2. Methods
2.1. Participant Speakers
Twelve adults (six men and six women) who had undergone total laryngectomy and TE puncture voice restoration served as participant speakers for this investigation. The TE speakers who participated in this study ranged in age from 58 to 71 years of age. These participants had used TE speech for a minimum period of one year and were judged by a highly experienced clinician to be excellent examples of this mode of alaryngeal speech. All of the speakers exhibited excellent speech intelligibility, self-reported that they were in good general health, and confirmed that they remained communicatively active in both their vocational and avocational endeavors.
All speakers who provided samples used TE speech as their primary method of communication, had received radiation treatment postoperatively, and were native English speakers. Speaker samples were excluded if the individual reported any history of perioperative complications following laryngectomy and TE puncture or identified other medical conditions that might affect speech, language, or hearing, including oral or pharyngeal resection, cancer recurrence or a second primary cancer, or chronic obstructive pulmonary disease, asthma, persistent swallowing difficulties, or neurological disease.
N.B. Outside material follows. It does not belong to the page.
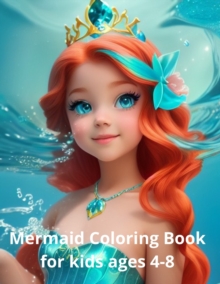 Image for Mermaid Coloring Book for kids ages 4-8 : 50 Coloring pages Mermaids Princesses for girls and boys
2.2. Participant Listeners
Sixteen normal-hearing young adults (eight females and eight males), ranging in age from 22 to 27 years of age (mean age = 23; 9), who were enrolled as either undergraduate or graduate students at a single institution, were recruited as listeners in this study. All listeners were considered naïve to voice disorders and alaryngeal speech as they did not have any formal exposure to postlaryngectomy speech options or any education in the area of voice disorders, voice, or speech disorders associated with head and neck cancer. All listeners were native English speakers, and none had reported any history of speech, language, or hearing concerns. Permission to conduct this study was formally granted by the Research Ethics Board at the University of Western Ontario (#104645).
2.3. Speech Stimuli
High-quality digital audio recordings of the Rainbow Passage [
28] were obtained for all 12 TE speakers from a large archival library of TE speech samples. These samples were judged by two independent professional Speech-Language Pathologists (SLPs) to not be obviously associated with either gender. Thus, these samples were selected to be representative of a larger group of TE speakers. All original speech samples were recorded using a headset microphone (Shure SM10a; Shure Incorporated, Niles, IL, USA) and either a digital minidisk (MD) research-quality recorder (Sony MZ-R55; Sony Corp., New York, NY, USA) or a digital audiotape portable recorder (Sony PCM-M1), with all recordings being obtained in a quiet experimental setting, free of ambient noise. All recordings were digital originals recorded at a sampling rate of 48 kHz.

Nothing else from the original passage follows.